Saturday, July 25, 2015

Film Review: Spy (2015)

Copyright: 20th Century Fox
With Spy, its director Paul Feig delivered a great comedy which elegantly erases the elements of masculinity and bravado from the James Bond type of films. This simple action then reverts the entire narrative into its truer form of completely ludicrous comedy. 

In the film, Melissa McCarthy plays Susan, a desk officer in the CIA tasked with protecting her designated field agent Bradley, played by Jude Law.

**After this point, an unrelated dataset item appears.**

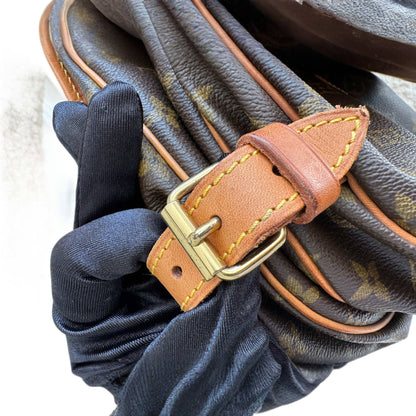LOUIS VUITTON Monogram Saumur 30 Cross Body Shoulder Bag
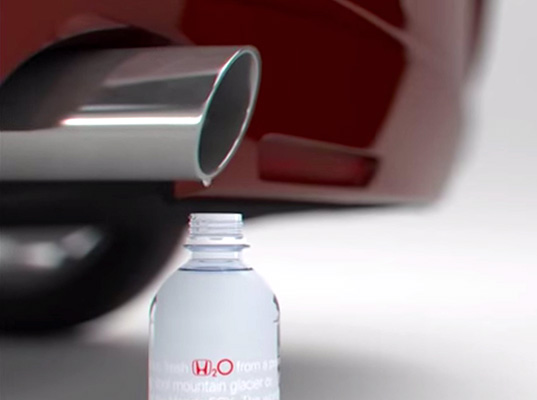 Honda производит питьевую воду из выхлопных газов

When Bradley gets killed in a strange encounter with a beautiful woman, Susan decides to leave her computer and become a field agent herself, in the hope of finding the persons’ responsible for Bradley’s death.

In a fantastic cooperation with Feig, Melissa McCarthy unleashes a tour de force of comedy, where she quickly shuffles between physical gags and a really aggressive type of verbal humor (better said, verbal insults). The second element demonstrates some excellent writing with jokes that are both smart and unpredictable. As the plot develops further, Feig drops McCarty’s character into every deeper waters of intrigue, danger, and suspense, where Susan’s actions also need to become bolder and even more insane. 

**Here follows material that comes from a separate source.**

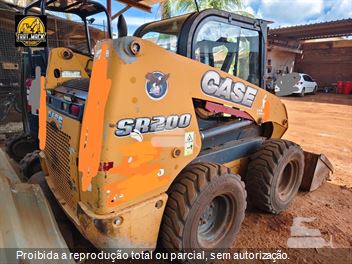 Mini-Carregadeira Case SR200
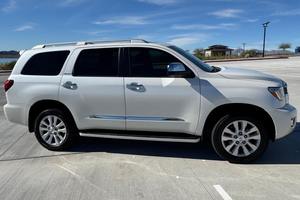 Toyota Sequoia Platinum 4x4 <span class=keywords><strong>2018</strong></span> usada de primera calidad, motor V8 de 5.7 litros, diferencial central bloqueable - Product Image 4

In one moment, the spiral of lies and moronic improvised stories becomes so convoluted that there is no way of remembering who began lying about what. Throughout this, Feig never loses direction or control of the plot, showing his rich experience with comedy content. 

Aside from these McCarthy, Jason Statham also worked diligently to create a parody of his previous roles, in this case, a macho killer with a less than impressive intellect. Statham, who is apparently looking to diversify his acting portfolio but without straying outside of this beloved action genre, just like he recently tried with Wild Card, really chose well when he decided to join the cast of this movies.

A fun comedy, Spy is one of the better parodies on the 007 films in recent years. It, along with Kingsman: The Secret Service, clearly show how many super-serious thriller plots are actually comedy gold.